Works for me, but please point out in the PHPDoc that this method might no longer take effect in future GridField implementations (when lazy loading could be the default), just to set dev expectations a bit.

Update TabSet.js to find all LazyLoadable GridField in a Panel when that Panel is shown and trigger the reload method on it.

Do we have any cases in the CMS where fields aren't in a tabset? Make sure that still works. Oh, and it'll need to work in Entwine and React based tabs, right?

Disable sorting by AbsoluteLink

Agreed, that's not a useful sorting option anyway.

Refactor SiteTreeLink and move the polymorphic relation to a many-many relation

Looking at PolymorphicHasManyList.php, the fact that it's polymorphic isn't the issue. That just adds a ClassName IN (...) to the SQL query. The problem is that SiteTree->BacklinkTracking() iterates on the SiteTree->Backlinks() relationship to get the Parent() for each of them.
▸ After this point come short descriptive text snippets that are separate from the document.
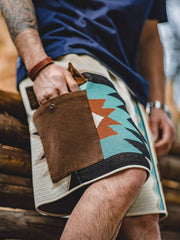 インターシャ編み ショートパンツ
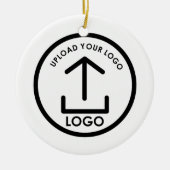 Personalized Business Custom Round Logo Christmas Keramisch Ornament (Voorkant)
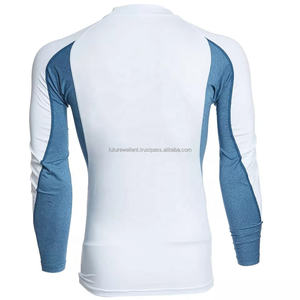 Precio al por mayor de manga completa de compresión Fitness Gym Camisas personalizadas sublimadas Bjj Rash Guard - Product Image 6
Since Parent() is of type DataObject, we can't run a single query for this through the ORM. Which means we have no way of doing pagination, and need to retrieve the whole list. Note that the original commit from @tractorcow referenced "todo: Add PolymorphicManyManyList" (https://github.com/silverstripe/silverstripe-cms/commit/6c616f5f7a4d2611e7a8f2cbb66360079c3edb6b#diff-49ee3b23d5b37c83e4a70cddc70f89adR1723). I don't see how that would resolve the ORM issues, unless we do some magic with UNION and renaming columns to avoid collisions of querying multiple types in a single query.

We could inline relevant data for displaying the "related objects" GridField into SiteTreeLink, specifically the title to display in the table row. But then we push more responsibilities into write(). And we'd still have the ArrayList problem further up the callstack, because SiteTree->BacklinkTracking() combines three different data sources (backlinks, virtual pages and redirector pages) into one table - coming back to the same ORM limitation mentioned above.
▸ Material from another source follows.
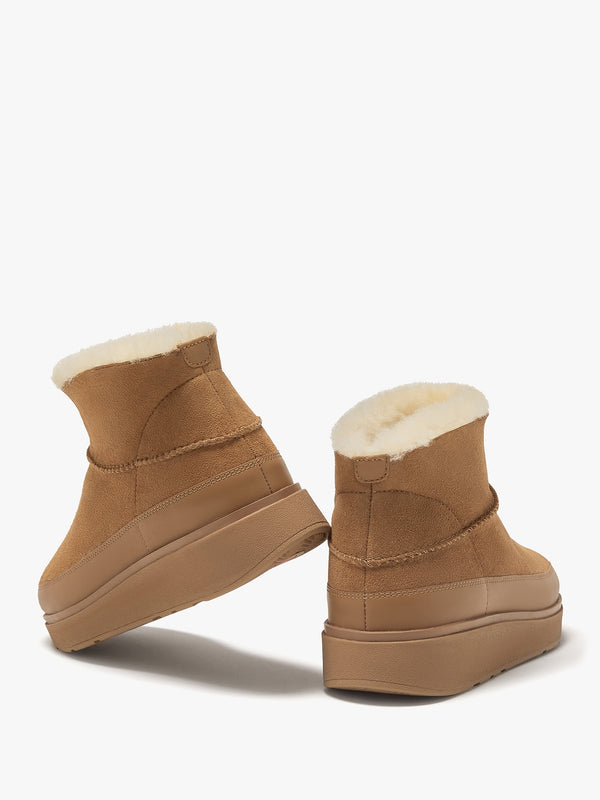 Gen-FF Desert Tan Ultra Mini Double-Faced Shearling Ankle Boots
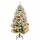 vidaXL K&uuml;nstlicher Weihnachtsbaum Klappbar 150 LEDs &amp; Kugeln 120 cm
I'm coming to the conclusion that this is too hard to resolve on the short term, and we need to come up with a more scalable way of handling nested relationships for different use cases: Static publishing dependencies, link tracking, search, etc.. Related tickets: https://github.com/silverstripe/silverstripe-versioned/issues/68 and https://github.com/dnadesign/silverstripe-elemental/issues/189#issuecomment-368710277

Until then, it sounds like the lazy loaded GridField is a good middle ground? It seems fairly quick to implement. Large dependant link tracking structures will still time out, but at least it doesn't prevent you from editing pages. And it has the advantage that it takes the entire computation out of the edit form critical path, which I think is a good UX practice anyway in terms of building a fast CMS.